I have grown up in the JPII age. This is obviously not a bad thing, but lately I’ve been reading and seeing things that have made me step back and wonder if the modern Catholic Church is putting too much stock in what our beloved Pope says.

As an example, I have heard on a few occasions (particularly on this forum, but elsewhere as well) that the Bishops don’t have the power to bind consciences, or that a certain Bishop doesn’t have the right to make a statement on something that the Church has made no official statement.

It is easy for us to look at our Pope as a rock star of sorts, but are we giving him more power than he should have? I am concerned for future generations who may not have such a great Pope, but who are haunted by the great deference we had for this Pope. I know, and certainly believe that Christ protects his Church, but in the past there have been better popes than others.

Our age has seen the most centralized Church in history, and I am glad of this fact, but should we forget (at least partially) from where we came.
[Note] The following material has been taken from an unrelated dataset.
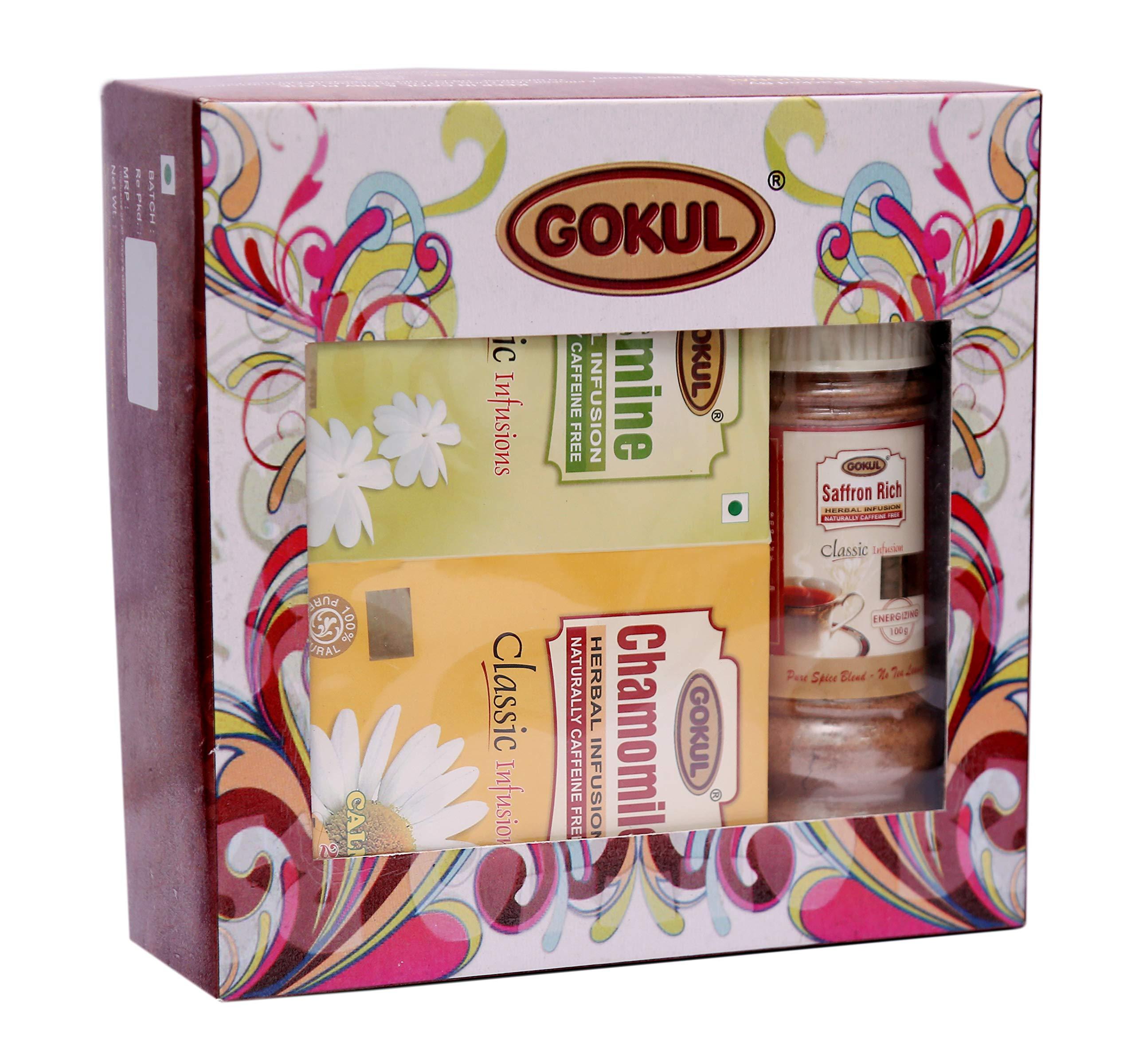GOKUL Gokul Herbal Infusion Jasmine Tea Bags 20, Chamomile Tea Bags 20, Saffron Rich 100G Gift Pack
I look at the Second Vatican Council. It certainly didn’t end the way Pope John XXIII had planned when he opened the council. The bishops exerted considerable influence to get the VCII documents to where they ended up. Is this not a testament to the power God has entrusted to His bishops?
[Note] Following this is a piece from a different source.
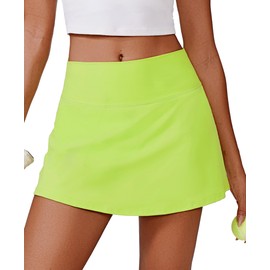 PINSPARK - Falda de tenis para mujer, falda de golf de cintura alta, control de abdomen, faldas atléticas con 2 bolsillos para entrenamiento, pickleball, Verde Neón, Large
Again, I love our Pope, and I think he has done many, many great things for this Church, but I only hope that his current position doesn’t put the Church in jeopardy if a future Pope isn’t so holy.
 
The following paragraph’s of the Catechism of the Catholic Church seem to address some of your concerns:
889. In order to preserve the Church in the purity of the faith handed on by the apostles, Christ who is the Truth willed to confer on her a share in his own infallibility. By a “supernatural sense of faith” the People of God, under the guidance of the Church’s living Magisterium, “unfailingly adheres to this faith.”
890. The mission of the Magisterium is linked to the definitive nature of the covenant established by God with his people in Christ. It is this Magisterium’s task to preserve God’s people from deviations and defections and to guarantee them the objective possibility of professing the true faith without error. Thus, the pastoral duty of the Magisterium is aimed at seeing to it that the People of God abides in the truth that liberates. To fulfill this service, Christ endowed the Church’s shepherds with the charism of infallibility in matters of faith and morals. The exercise of this charism takes several forms:
891. “The Roman Pontiff, head of the college of bishops, enjoys this infallibility in virtue of his office, when, as supreme pastor and teacher of all the faithful - who confirms his brethren in the faith he proclaims by a definitive act a doctrine pertaining to faith or morals… The infallibility promised to the Church is also present in the body of bishops when, together with Peter’s successor, they exercise the supreme Magisterium,” above all in an Ecumenical Council. When the Church through its supreme Magisterium proposes a doctrine “for belief as being divinely revealed,” and as the teaching of Christ, the definitions “must be adhered to with the obedience of faith.” This infallibility extends as far as the deposit of divine Revelation itself.
892. Divine assistance is also given to the successors of the apostles, teaching in communion with the successor of Peter, and, in a particular way, to the bishop of Rome, pastor of the whole Church, when, without arriving at an infallible definition and without pronouncing in a “definitive manner,” they propose in the exercise of the ordinary Magisterium a teaching that leads to better understanding of Revelation in matters of faith and morals. To this ordinary teaching the faithful “are to adhere to it with religious assent” which, though distinct from the assent of faith, is nonetheless an extension of it.